Sketchnotes, day 1, page 1. Text description follows this image.

Day one - sketchnotes page 1

State of the AI Landscape - George Cameron

Cheaper intelligence but/and Higher spend than ever

Token Town: why token strategy is product strategy - Sarah Sachs

  • Build the best product that uses any model instead of training the best model
  • Optionality is leverage
  • Open weight models are now strong enough for moderate tasks
    • What moderate means is contextual

Everything is a Factory - Geoff Huntley

  • Everyone is now a software developer → The job has been commoditised
  • It needs Deliberate intentional practice, like an instrument
  • Curiosity-test people
  • Removing waste is the biggest accelerator (more than AI)

Three lanes below one millisecond - Vamsi Ramakrishnan

Full-duplex voice punishes the mistakes that text-only forgives.

Sketchnotes, day 1, page 2. Text description follows this image.

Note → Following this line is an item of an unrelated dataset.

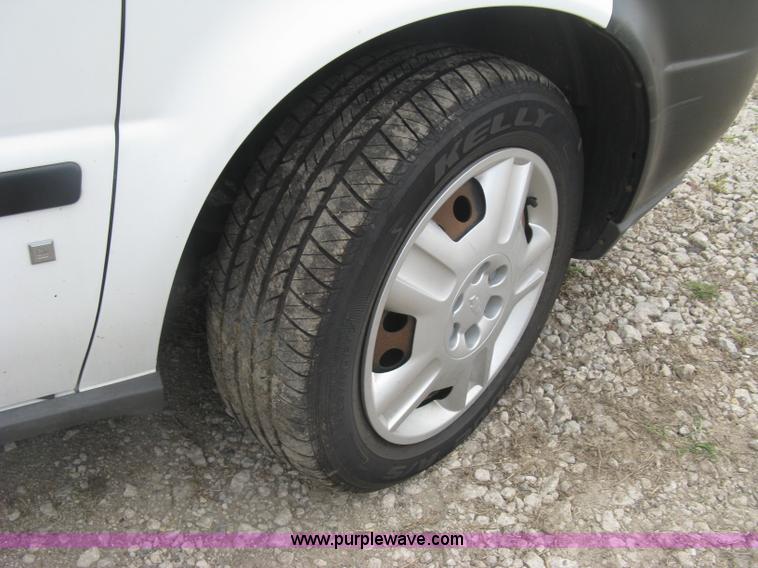 image for item L6319 2006 Chevrolet Uplander EXT LS van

Day one - sketchnotes page 2

Fail fast, fix faster: why faster models can beat smarter ones

  • Good enough, but fast
    • Especially for Ralph loops, with good feedback
      • Cheap error detection
  • Implement → Validate → Inform, loop
  • A bit like Test-Driven Development
  • Error improvement compounds
  • Use a frontier model when: subjective, ambiguous, sparse feedback

Why AI coding tools might not make the slightest difference - Jason Cornwall

  • They say about 10% increase in productivity 2024-2026
  • Every system has exactly one constraint
    • but/and it moves!
    • when you remove one
  • Coding is about 15% of an engineer’s time
    • The others are failure-avoidance activities
  • AI as an ingredient, not the recipe

Constitutional prompting - Prem Pillai

  • Your agents is already making decisions - just not ones guided by you
  • You can debug a spec. You can’t debug vibes.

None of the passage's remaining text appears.